THE RECORDS:
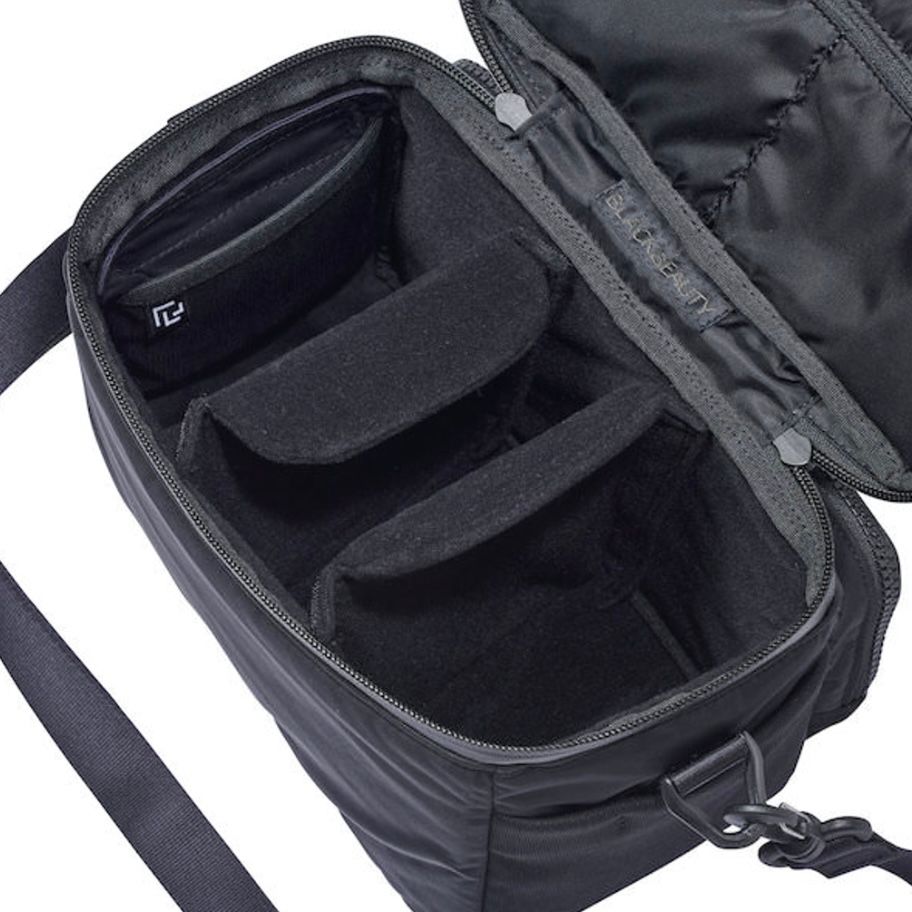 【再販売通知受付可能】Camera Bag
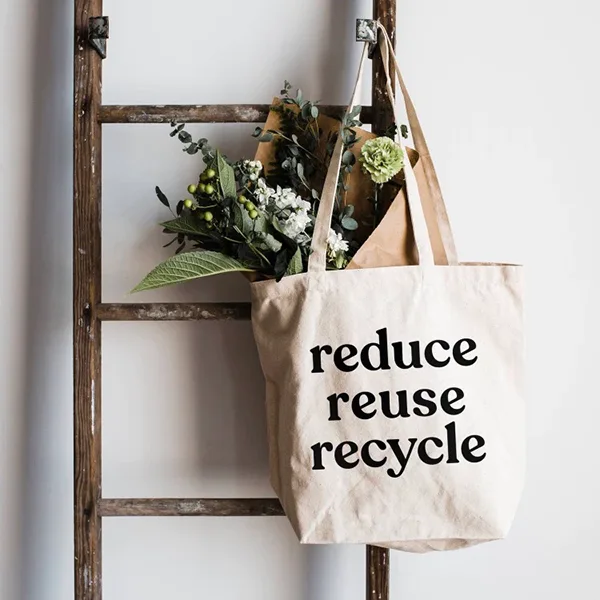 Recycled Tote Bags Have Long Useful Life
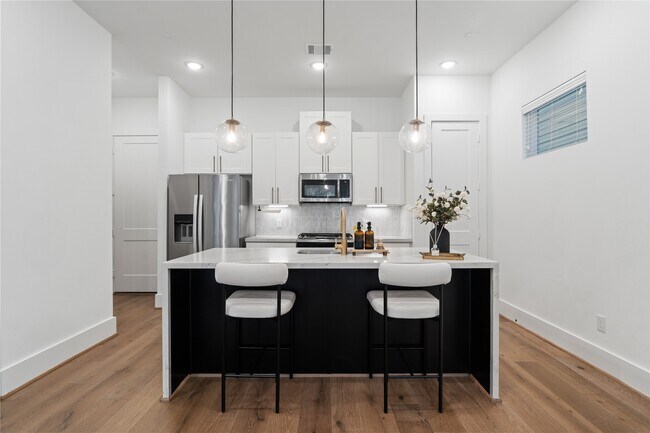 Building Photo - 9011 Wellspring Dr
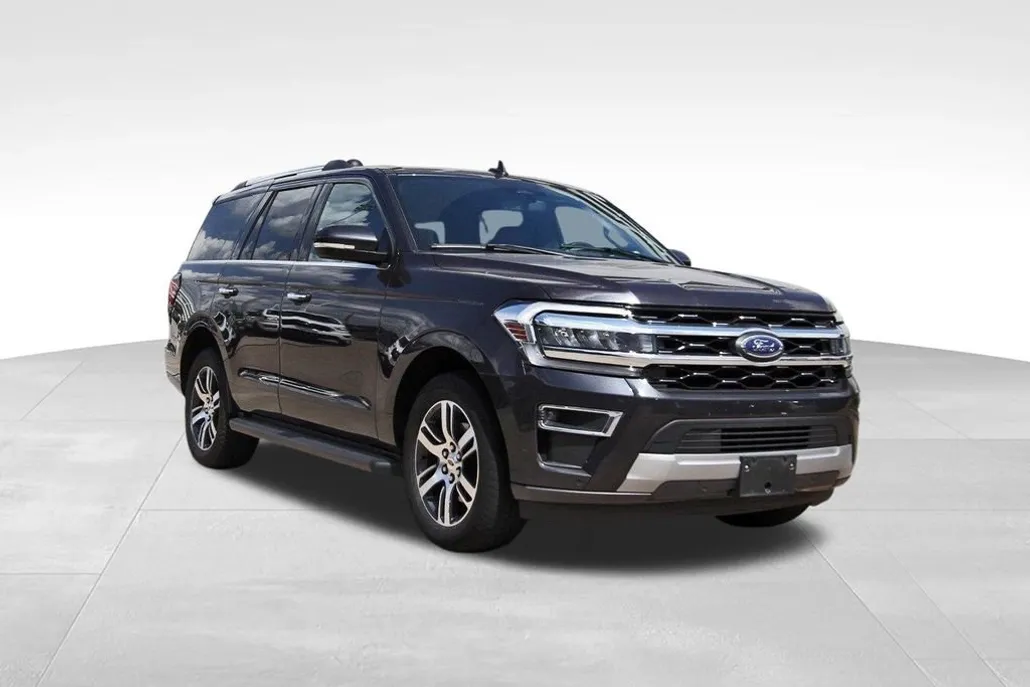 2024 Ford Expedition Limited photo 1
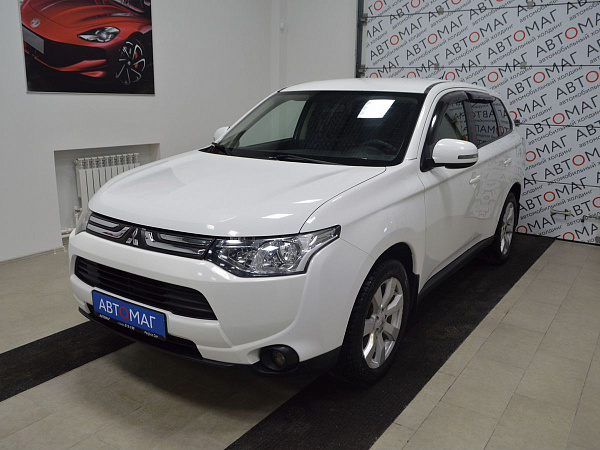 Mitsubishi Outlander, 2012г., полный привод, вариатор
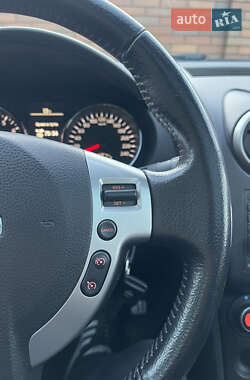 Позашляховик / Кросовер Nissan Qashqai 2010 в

--

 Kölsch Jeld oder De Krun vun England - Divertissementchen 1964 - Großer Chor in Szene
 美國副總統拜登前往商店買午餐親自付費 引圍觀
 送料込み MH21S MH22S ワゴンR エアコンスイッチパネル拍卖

WHAT YOU NEED TO DO: Scan the listing above for the line that has "美國副總統拜登前往商店買午餐親自付費 引圍觀", then copy exactly from that line through the line that has "送料込み MH21S MH22S ワゴンR エアコンスイッチパネル拍卖".

ANSWER SECTION:
 美國副總統拜登前往商店買午餐親自付費 引圍觀
 送料込み MH21S MH22S ワゴンR エアコンスイッチパネル拍卖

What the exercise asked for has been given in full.